Çeşitli hipotezler bu asimetrinin nedenine farklı açıklamalar getirseler de Andrei Sakharov’a ait olan anti-maddenin, maddeye oranda daha çabuk bozunmasında dayalı olan ve “CP simetrisi ihlali” (CP violation) adlı açıklama en kabul görenidir.
Evreni ve bizleri var eden “maddenin üstünlüğü” durumu, yaşamdaki en değerli şeyin “madde ortamında var olma” (hayatta olma) şeklinde gören dar görüşe göre olumlu olarak değerlendirilir. Oysa ezoterizm, makrokozmosun Öncel Evren’in bölünmesi ile meydana geldiğini varsaymaktadır. Fark edilmelidir ki, madde baskınlığı “madde ve anti-madde şeklinde ayrılan, ama hala da dengede olan yapının bir nedenle dengesinin bozulması” biçiminde de görülebilir ve bu görüş, evrenin bir dengesizlikle oluştuğunu ortaya koyar.
Madde; ya “üstün gelmiş”, ya da “getirilmiş”, yani kayırılmıştır! Evren, doğal simetri ya da denge korunamadığı için var olmuş bir mekandır. Bir diğer söyleyişle orta dünya (iyi ve kötünün yer aldığı evren) bir eşitliğin bozulmasına dayalıdır. Eşitlik bozulduğunda üstün gelen (belki de eşitliği bozan) taraf, yani madde, makrokozmosu meydana getirmiştir.

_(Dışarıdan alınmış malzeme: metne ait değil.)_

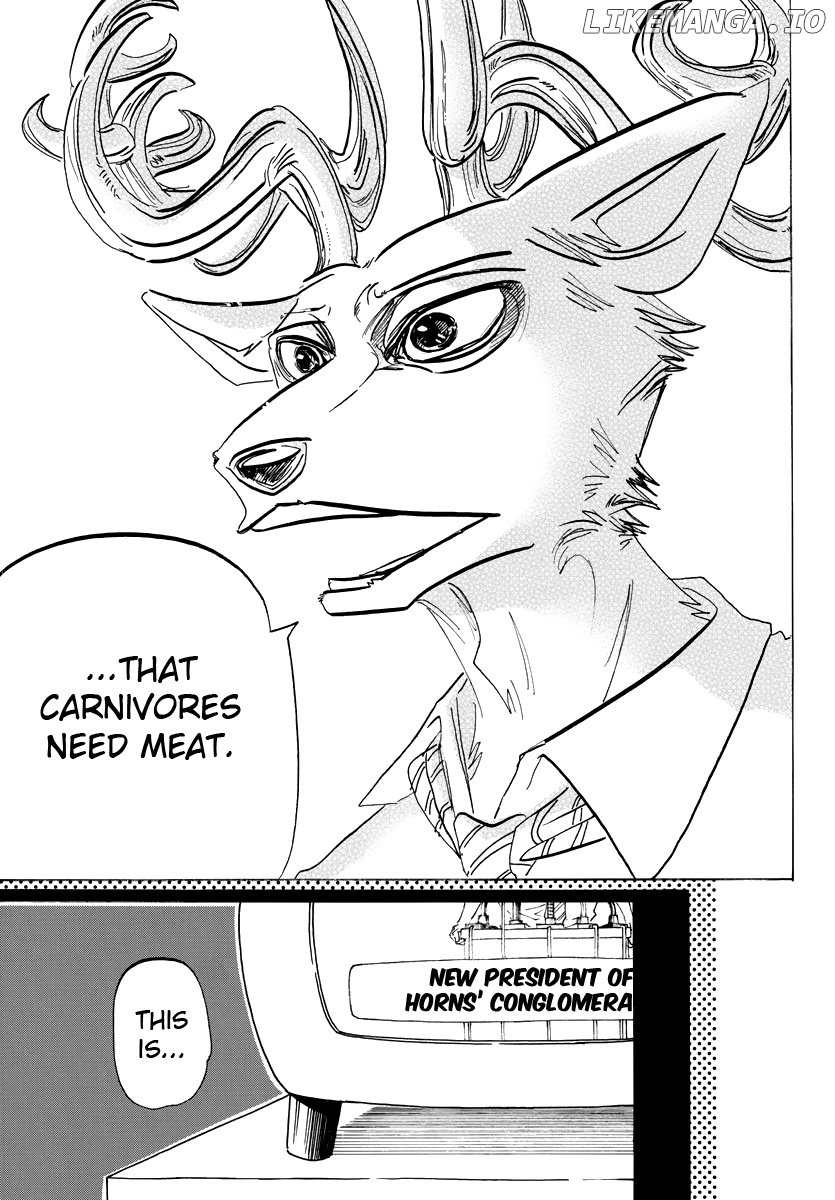 Beastars chapter 182 - page 9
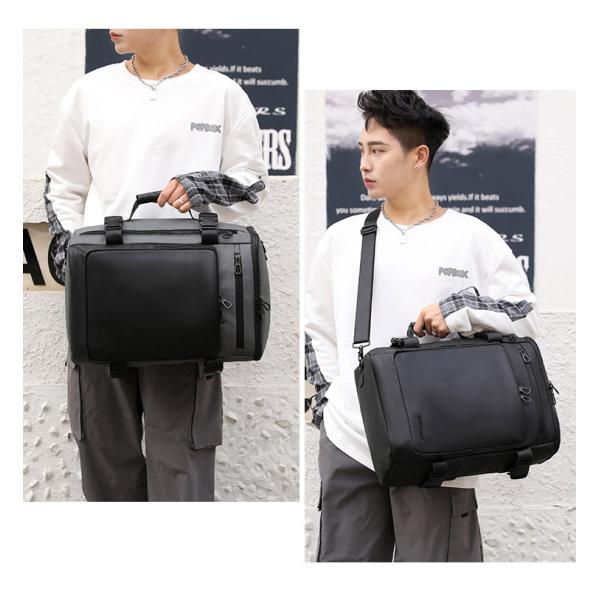 Stylish Business Travel Backpacks BSCI Business Overnight Backpack 17.3 Inch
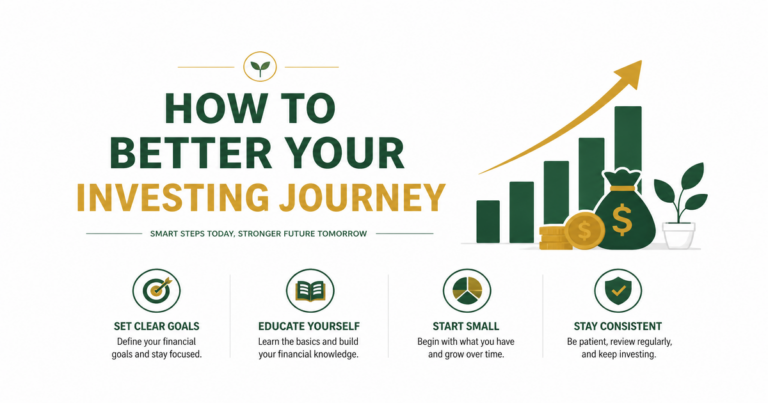 Featured image: How to better your investing journey?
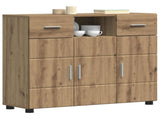 Wooden Cabinet Artisan Oak 88.5 x 30.5 x 73 cm Engineered Wood 880290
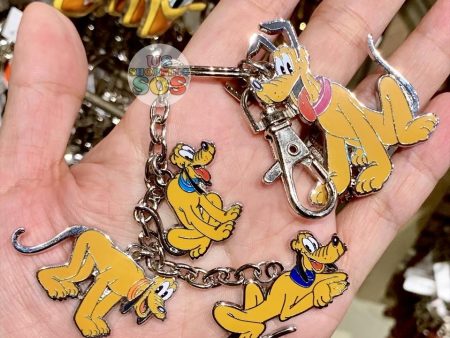 DLR - Character 4-In-1 Keychain - Pluto Cheap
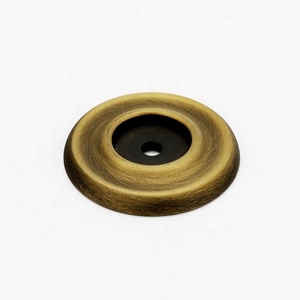 <b>Antique</b> <b>Brass</b> Backplate Durable High Quality Furniture Handle & <b>Knob</b> matte Finished Kitchen Drawer <b>Door</b> Wardrobe Home Office Use - Product Image 1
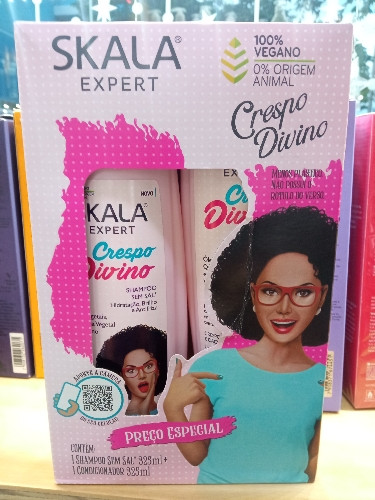 Imagen 1 de 3 en 1 Skala kit Shampoo + Acondicionador - Crespo Divino
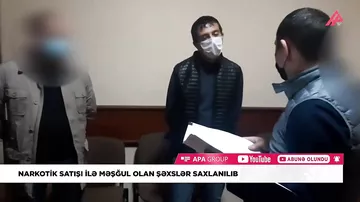 Polis əməliyyat keçirdi: Narkotacirlər saxlanıldı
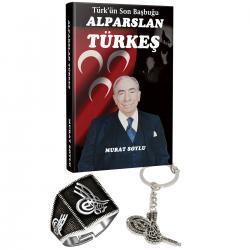 Alparslan Türkeş Kitap Seti Yavuz Yüzük&Tuğra Anahtarlık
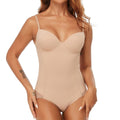 Women Bodysuit One Piece Underbust Support Closed Back - Evergreen Outfits - Women Bodysuit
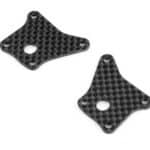 Xray Graphite Front Lower Arm Plate 1.6mm (L+R) XR302190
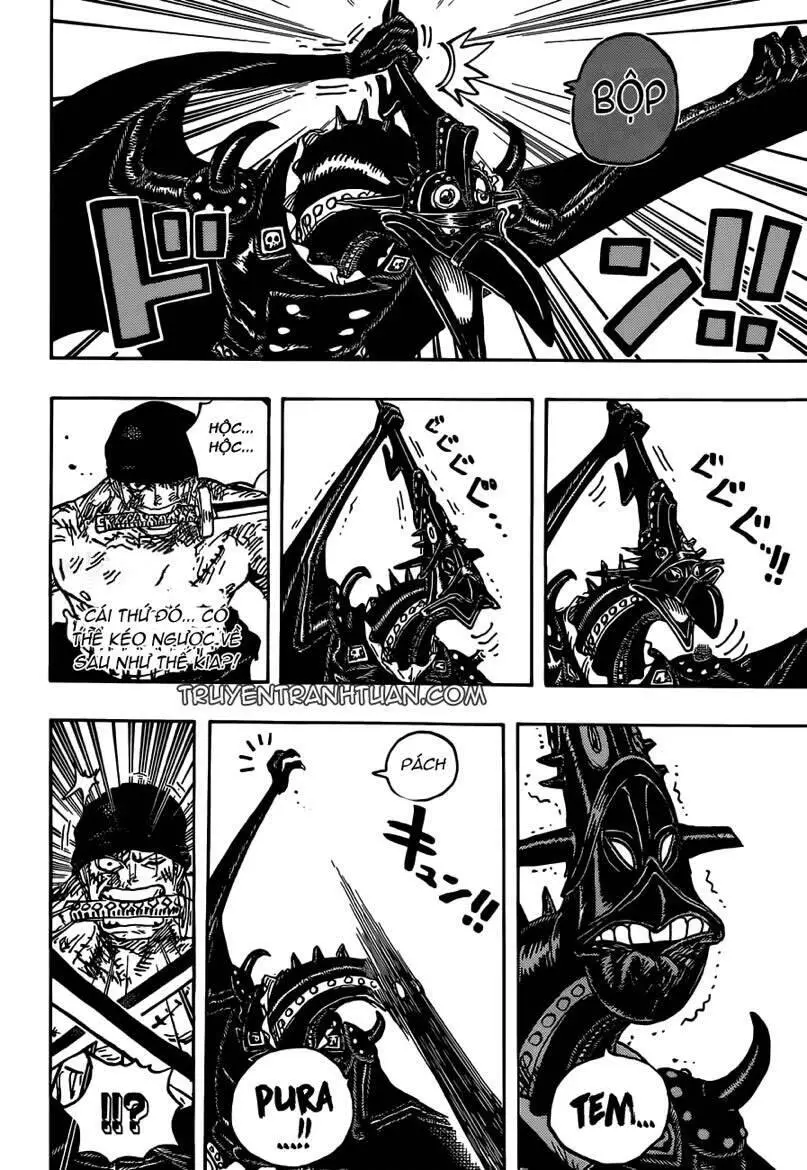 One Piece Nettruyen ZZZ Chương 1032 Page 10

Dengeyi bozmak adına dengeden kaçan parça (yani evreni var eden kısım) ise sadece bütünün 1/1015’lik parçasıdır.
Kuantum parçacıklarına ezoterik açıdan bakalım:
Maddeyi meydana getiren (kütlesi olan) parçacıklar (fermiyonlar) ½ (yarım) spin sahibidirler; yani tam değildir, yarımdırlar, tamın yarısıdırlar. Madde olarak ortadan bölünmüş evrenin (makrokozmosun) üyeleridirler zaten.
Kuvveti taşıyan (kütlesi olMAYAN) parçacıklar (bozonlar) tam spin sahibidirler; yani tamdırlar. Madde olarak ortadan bölünmüş evrenin (makrokozmosun) üyeleri sayılmazlar; çünkü kütleleri yoktur.

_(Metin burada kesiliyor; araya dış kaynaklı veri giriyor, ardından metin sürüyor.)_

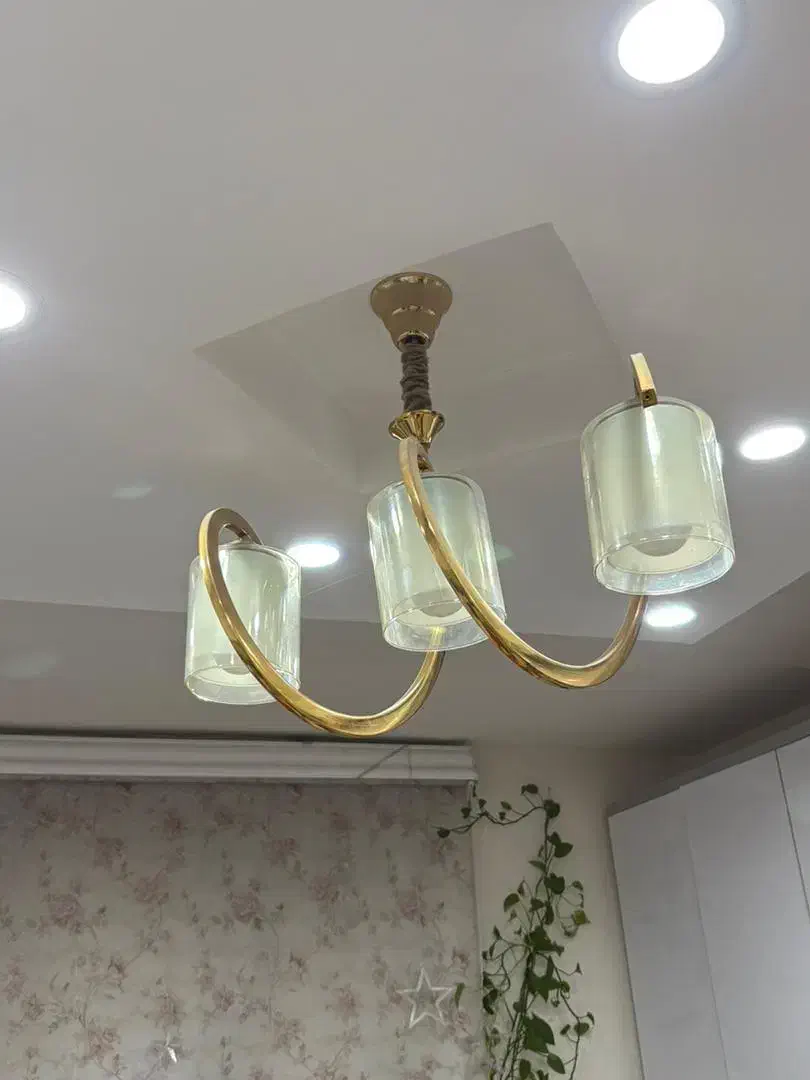 لوستر|لوستر و چراغ آویز|پاکدشت, پاکدشت (مامازند)|دیوار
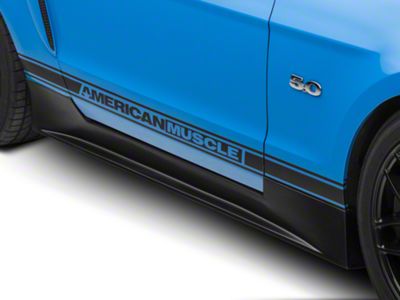 Street Scene Gen 1 Side Skirts (10-14 Mustang)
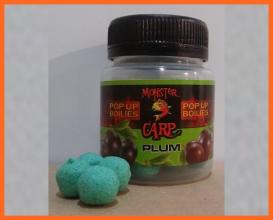 Misel Zadravec Monster Carp Pop Up Horgász Bojli 8mm Szilvás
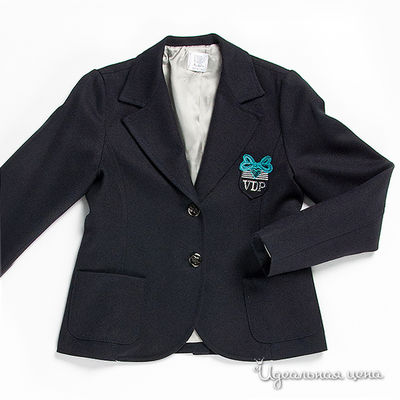 Жакет Twin-Set Girl, цвет цвет темно-синий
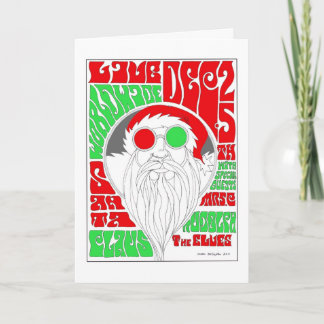 Cartes Pour Fêtes Annuelles Père Noël super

Kütlesi olan fermiyonlar, bir arada bulunmamaları ile tanınırlar.
Kütlesi olmayan bozonlar ise sürekli bir arada bulunmak istemektedirler. “Bir arada bulunmak” şeklinde adlandırılan tutumu ezoterik bakış açısı ile “öncel evren yekpareliğini yaratma eğilimi” şeklinde özetlemek mümkündür.
Kısaca; kütleli olanlar yarım ve yalnız, kütlesiz olanlar tam ve “bir arada”lık eğilimindedirler.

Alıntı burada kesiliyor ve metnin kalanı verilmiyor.